Sad day! Lacey used to pull but she's kind of a baby about punishment so all I had to do was yank her in really really hard right before she got to where she wanted to pull, then she'd be all confused like "What!!!? You read my MIND!??" and eventually, I think she decided that I knew more than she did and stopped pulling all together. :lol: I will advise Lacey tomorrow to suck as much energy out of Abby as she would like. heeheehee

I know! Like, they crop up out of no where, where do they come from?? 
Like Lacey for instance, I can't imagine that she's not well bred. I mean, she moves like a horse that was bred for a purpose (she's not registered though so who knows) and she looks like one too, but where, in heavens name, did her previous owners find two Arabians of that quality (obviously Polish, as well, which is even rarer over here) to breed? Yes, it was the 80's so anything could have happened (teleportation and time travel???), but still! hahaha Too bad her previous owners didn't register her, that might have been interesting.

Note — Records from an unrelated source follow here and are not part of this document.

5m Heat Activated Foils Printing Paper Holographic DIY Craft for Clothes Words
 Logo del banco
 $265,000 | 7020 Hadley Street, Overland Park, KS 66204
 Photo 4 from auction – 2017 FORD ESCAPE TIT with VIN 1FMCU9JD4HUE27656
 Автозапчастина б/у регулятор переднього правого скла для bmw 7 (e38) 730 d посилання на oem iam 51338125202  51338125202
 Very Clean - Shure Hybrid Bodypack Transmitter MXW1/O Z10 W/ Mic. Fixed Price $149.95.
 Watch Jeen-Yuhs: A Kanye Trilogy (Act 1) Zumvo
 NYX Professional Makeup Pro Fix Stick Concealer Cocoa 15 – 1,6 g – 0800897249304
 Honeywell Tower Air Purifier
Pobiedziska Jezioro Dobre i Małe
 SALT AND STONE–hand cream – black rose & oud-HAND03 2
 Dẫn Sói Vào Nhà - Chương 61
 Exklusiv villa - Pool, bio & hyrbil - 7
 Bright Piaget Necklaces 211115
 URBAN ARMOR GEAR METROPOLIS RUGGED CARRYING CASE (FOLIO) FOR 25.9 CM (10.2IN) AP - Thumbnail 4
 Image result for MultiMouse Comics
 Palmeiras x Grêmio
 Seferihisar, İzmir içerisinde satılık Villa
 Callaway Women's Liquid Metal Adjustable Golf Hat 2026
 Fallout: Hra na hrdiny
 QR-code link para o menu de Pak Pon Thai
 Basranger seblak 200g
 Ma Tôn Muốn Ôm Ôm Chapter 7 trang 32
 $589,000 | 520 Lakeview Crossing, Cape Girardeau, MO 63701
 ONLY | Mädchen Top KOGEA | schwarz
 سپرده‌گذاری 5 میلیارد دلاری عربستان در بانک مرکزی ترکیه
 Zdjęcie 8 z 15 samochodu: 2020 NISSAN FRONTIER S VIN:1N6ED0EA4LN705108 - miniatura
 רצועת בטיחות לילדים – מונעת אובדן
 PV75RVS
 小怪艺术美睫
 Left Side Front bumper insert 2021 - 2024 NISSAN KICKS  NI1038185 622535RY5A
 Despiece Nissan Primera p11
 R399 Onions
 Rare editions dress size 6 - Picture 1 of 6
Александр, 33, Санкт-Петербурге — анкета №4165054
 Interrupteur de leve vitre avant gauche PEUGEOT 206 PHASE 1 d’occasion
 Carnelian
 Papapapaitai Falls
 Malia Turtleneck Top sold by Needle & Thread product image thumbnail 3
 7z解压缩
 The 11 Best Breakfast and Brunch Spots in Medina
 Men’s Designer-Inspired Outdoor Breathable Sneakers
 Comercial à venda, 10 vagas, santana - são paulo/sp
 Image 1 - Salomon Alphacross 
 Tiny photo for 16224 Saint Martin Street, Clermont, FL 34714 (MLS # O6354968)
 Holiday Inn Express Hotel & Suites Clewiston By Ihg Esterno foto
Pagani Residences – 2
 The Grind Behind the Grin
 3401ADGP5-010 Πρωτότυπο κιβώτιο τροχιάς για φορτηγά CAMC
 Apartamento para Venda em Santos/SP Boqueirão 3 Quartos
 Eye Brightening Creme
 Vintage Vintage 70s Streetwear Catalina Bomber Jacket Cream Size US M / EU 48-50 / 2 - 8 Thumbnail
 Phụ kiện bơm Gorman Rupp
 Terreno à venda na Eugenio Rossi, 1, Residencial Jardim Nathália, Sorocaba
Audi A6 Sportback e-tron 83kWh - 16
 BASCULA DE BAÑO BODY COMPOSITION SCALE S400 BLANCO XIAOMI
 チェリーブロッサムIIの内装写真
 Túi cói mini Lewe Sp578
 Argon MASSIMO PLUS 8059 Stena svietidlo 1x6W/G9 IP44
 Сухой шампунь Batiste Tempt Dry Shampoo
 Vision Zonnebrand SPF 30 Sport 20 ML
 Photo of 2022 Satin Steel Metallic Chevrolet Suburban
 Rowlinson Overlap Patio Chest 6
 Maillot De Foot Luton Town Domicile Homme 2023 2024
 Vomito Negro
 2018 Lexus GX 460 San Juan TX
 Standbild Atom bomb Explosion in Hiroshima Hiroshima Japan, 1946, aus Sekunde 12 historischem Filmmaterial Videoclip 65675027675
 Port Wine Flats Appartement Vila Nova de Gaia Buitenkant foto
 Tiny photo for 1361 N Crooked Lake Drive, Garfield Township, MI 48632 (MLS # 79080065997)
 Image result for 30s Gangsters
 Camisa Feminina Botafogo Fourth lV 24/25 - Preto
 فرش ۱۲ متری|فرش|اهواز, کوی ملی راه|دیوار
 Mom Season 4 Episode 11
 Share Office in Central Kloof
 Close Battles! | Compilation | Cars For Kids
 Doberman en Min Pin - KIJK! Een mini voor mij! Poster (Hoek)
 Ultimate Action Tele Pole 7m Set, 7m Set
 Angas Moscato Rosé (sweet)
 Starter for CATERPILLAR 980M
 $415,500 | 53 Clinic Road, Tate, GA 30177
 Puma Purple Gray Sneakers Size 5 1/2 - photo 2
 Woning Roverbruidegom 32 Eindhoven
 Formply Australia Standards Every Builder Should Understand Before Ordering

Lacey used to live with a Morab! She was fancy. Her owners have offered me her baby that they're breeding for this year but I'm about 100% positive that I do not need a baby horse as well as lil Miss Thang. :lol:

I've only seen one honest to goodness Appy in my life. I've seen a POA and he was the best thing ever, but only one Appy (both were at camp). Man, when I start thinking about it, I am seriously lacking in the whole meeting different breeds of horse area of life. hahahaha
At camp we get a Arab/Saddlebred every year (she's pinto too) and man, she is a fancy little critter. That's about as exotic as I've ever gotten. :lol::lol:


----------



## Poseidon (Oct 1, 2010)

Bahaha. Just blame Lacey's existence on the 80s being a crazy time, I see. 

Abby stopped pulling so much after I switched from using her fluffy neoprene lined halter while lungeing to the rope halter with extra nose knots. A little pop with the line and she's back on track. I need a new one though because that's old (I was given it when I got her because the lady used it on her instead of a bit thanks to Abby's super low palate and hatred of bits) and stretched out, so it slides and sits at the end of her nasal bone.


----------



## Marianna (Apr 13, 2011)

What beautiful horse. To my Margo it is similar


----------



## MacabreMikolaj (May 9, 2009)

Being bred in the 80's, it's a pretty fair chance she's well bred. Arabs have pretty strong blood, and back in the 80's everyone was going CRAZY about the Arabs and really showing them. Even now, you can get some not as impressive Arabs, but for all the conformation faults I see, it's a breed that just never seems to know injury or pain. 

As for not being registered, it wasn't as important back then and really could be the easiest answer. My girls were decently bred for the stock in Manitoba at the time, and the only reason they're not registered is because my uncle had a spat with the Canadian Arabian Registry and stopped registering ALL his horses!


----------



## equiniphile (Aug 16, 2009)

She doesn't look too happy about that bath :lol:


----------



## mom2pride (May 5, 2009)

Really Lacey??? You are 26...now ACT your age...ROFL!!!!


----------



## Jessskater (Mar 16, 2011)

She looks great!


----------



## fuadteagan (Jun 10, 2010)

Haha! I love the captions..... She is so cute. I love her.


----------